Industries with weather-sensitive exposures use weather markets for both speculation and limited hedging. Agricultural traders, energy market participants, insurance industry workers, and logistics professionals all have legitimate reasons to engage with specific weather event probabilities. While weather markets are not deep enough to fully hedge industrial exposures, they can complement traditional weather derivatives and insurance products on specific event outcomes.

Weather enthusiasts and informed amateurs make up the third user group. Hurricane prediction in particular has a passionate community of weather watchers who follow tropical meteorology as a hobby. The community brings genuine domain knowledge to the markets and contributes meaningful trading volume during active hurricane seasons.

Weather markets sit at the intersection of prediction markets and adjacent financial products like weather derivatives and parametric insurance. As the regulatory framework around event contracts continues to evolve, expect weather prediction coverage to expand significantly over the next several years. For broader financial prediction context see our financial prediction markets hub.

FAQ

Where can I trade weather prediction markets?

Kalshi is the dominant venue for weather prediction in 2026. As a CFTC-regulated US platform, Kalshi has the regulatory framework to list weather event contracts that other platforms have largely avoided. Coverage focuses on hurricane landfall markets during Atlantic season and select temperature and snowfall markets through the year. Read our Kalshi review for full details on the platform.

Are hurricane prediction markets accurate?

Liquid hurricane prediction markets typically produce probability estimates that closely track National Hurricane Center forecasts and major weather models. The user base includes meteorologists and informed weather watchers who bring genuine domain knowledge. Markets often catch small information differences between competing models in ways that pure model output does not capture cleanly. Accuracy is highest in the final 24-48 hours before storm landfall when forecast uncertainty is lowest.

Can I trade temperature records?

Yes. Temperature record and seasonal extreme markets list on Kalshi throughout the year. Common market structures include whether specific cities will record new daily highs or lows within defined windows, whether monthly average temperatures will exceed historical thresholds, and whether seasonal aggregate anomalies will pass climate thresholds. Liquidity is lighter than hurricane markets but the events resolve cleanly.

Are weather prediction markets legal in the US?

Yes, on regulated platforms. Kalshi is CFTC-regulated and legal in all 50 US states under the federal regulatory framework that covers event contracts.
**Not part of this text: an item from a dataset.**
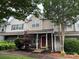 Traditional townhome showcasing a brick front, cozy porch, and tidy landscaping enhancing curb appeal at 12238 Paperbark Cir, Charlotte, NC 28277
The CFTC has consistently allowed weather contracts because they fall within the broader category of event contracts on verifiable real-world outcomes. Other unregulated weather prediction venues exist internationally but the US-regulated Kalshi route is the safest legal option for US users.
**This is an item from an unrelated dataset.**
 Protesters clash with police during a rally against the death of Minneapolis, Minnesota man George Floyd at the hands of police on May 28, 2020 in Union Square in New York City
Why are weather markets niche?

Two main reasons. First, the regulatory framework around weather contracts is more limited than for political or financial event contracts, which has slowed adoption across multiple platforms. Second, the user base for weather prediction is naturally smaller than for sports or politics because weather expertise is concentrated in specific professional and hobbyist communities. The category is real and growing but will likely remain niche compared to mainstream prediction categories.